La manif intitulée "Jour de colère", les débordements qu'elle a suscités et les quelque deux-cent-cinquante interpellations qui ont été pratiquées par les forces de police, ne peuvent que rappeler l'une des sombres pages de notre histoire contemporaine : la crise du 6 février 1934.
Après le limogeage du préfet de police Jean Chiappe suite à l'affaire Stavisky, les groupes de droite ("Jeunesses patriotes", "Phalanges universitaires") ainsi que l'Action françaises et les Ligues d'extrême-droite ("Ligue des patriotes", "Solidarité française", "Francistes", "Fédération des contribuables") sans oublier les anciens combattants regroupés au sein des "Croix-de-feu" du colonel de la Rocque...appellent à manifester le jour même de l'investiture de Daladier comme Président du Conseil, place de la Concorde, en face de la Chambre des députés.
La manifestation va vite tourner à l'émeute et à la guérilla urbaine. Jets de projectile, pierres, moellons, arceaux de fonte brisés, morceaux de vitres et de bitume. Les forces de l'ordre sont harcelées, subissent quelques tirs sporadiques et seront dans l'obligation d'ouvrir le feu à leur tour au moins à trois reprises au cours de la soirée.
Il y aura 14 morts et 657 blessés dont deux décéderont plus tard des suites de leurs blessures dont un Garde républicain.
Face à la gravité de la situation, Daladier se résoudra à démissionner.
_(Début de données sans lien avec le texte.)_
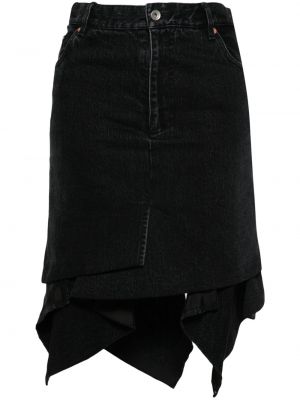 Ασύμμετρη φούστα τζιν Sacai μαύρο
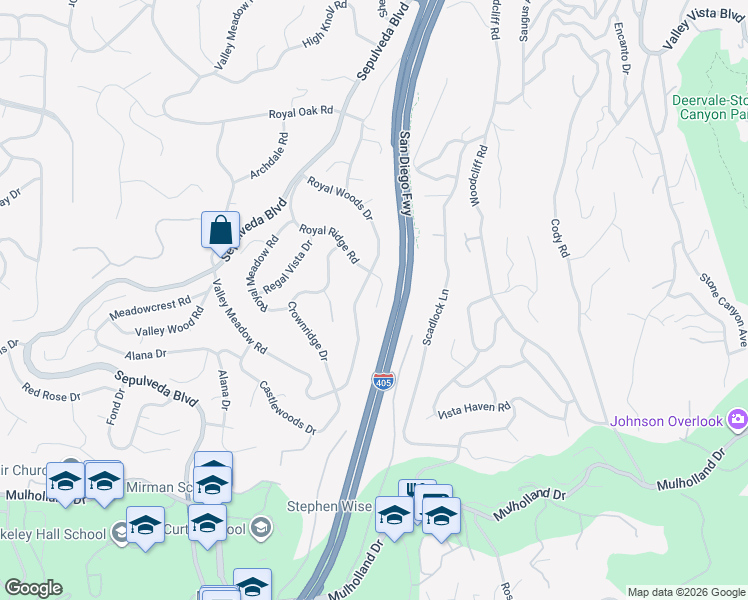 map of restaurants, bars, coffee shops, grocery stores, and more near 3648 Royal Woods Drive in Los Angeles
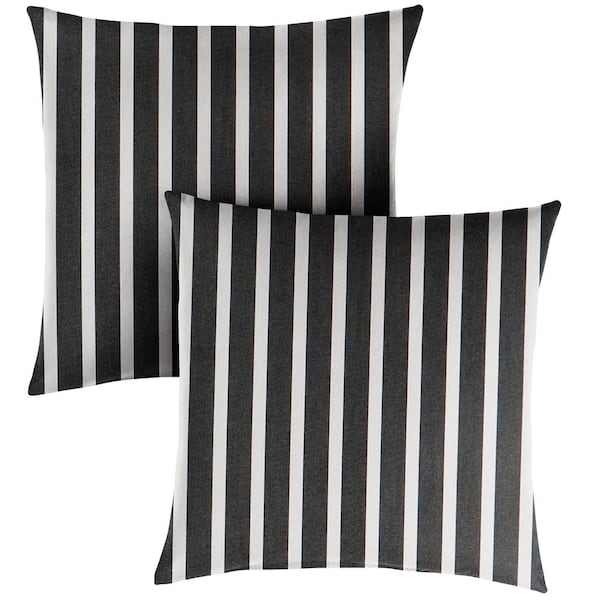 SORRA HOME Sunbrella Shore Classic Outdoor Knife Edge Throw Pillows (2-Pack)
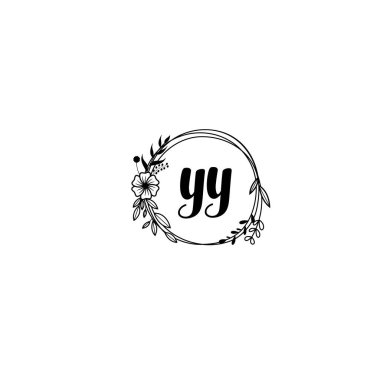 El Yazısı Biçimli Zarif Çiçek Monogramı Logosu YY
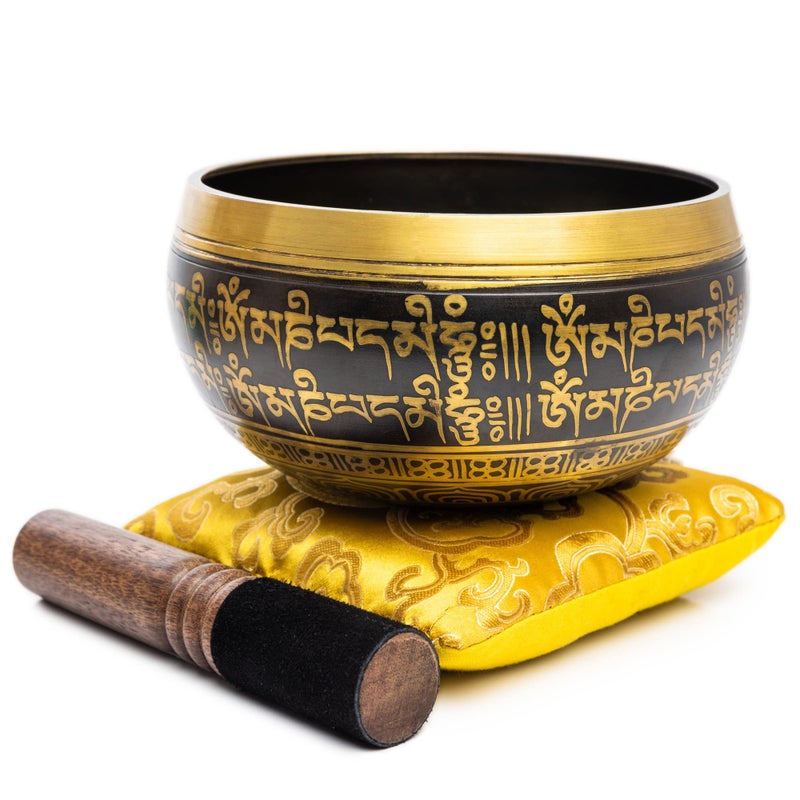 HIMALAYAN BAZAAR Tibetan Singing Bowl Set - Easy To Play Authentic Handcrafted For Meditation Sound Bowl Chakra Yoga Healing 4 Inches By Himalayan Bazaar (Black & Yellow) - Image 1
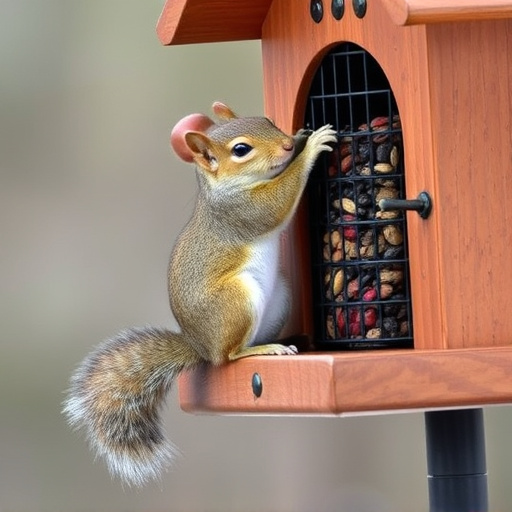 Squirrel climbing near protected bird feeder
Et un gouvernement dit "d'union nationale" sera formé sous la présidence de Gaston Doumergue (ancien Président de la République) avec les principales figures de la droite parlementaire et, en prime, comme ministre de la Guerre, le Maréchal Pétain*.
Le souvenir délétère de cette page d'histoire devrait nous faire réfléchir car ces événements se sont produits dans le sillage de la grande crise économique de 1929, au cours d'une période marquée par des scandales financiers, un chômage croissant et l'impuissance d'un gouvernement sans véritable soutien populaire...
Faut-il faire un dessin ?
NB/ pour en savoir plus sur le 6 février 1934, lire l'excellent livre de Serge Berstein (Julliard)
* cf mon film "La prise du pouvoir par Philippe Pétain"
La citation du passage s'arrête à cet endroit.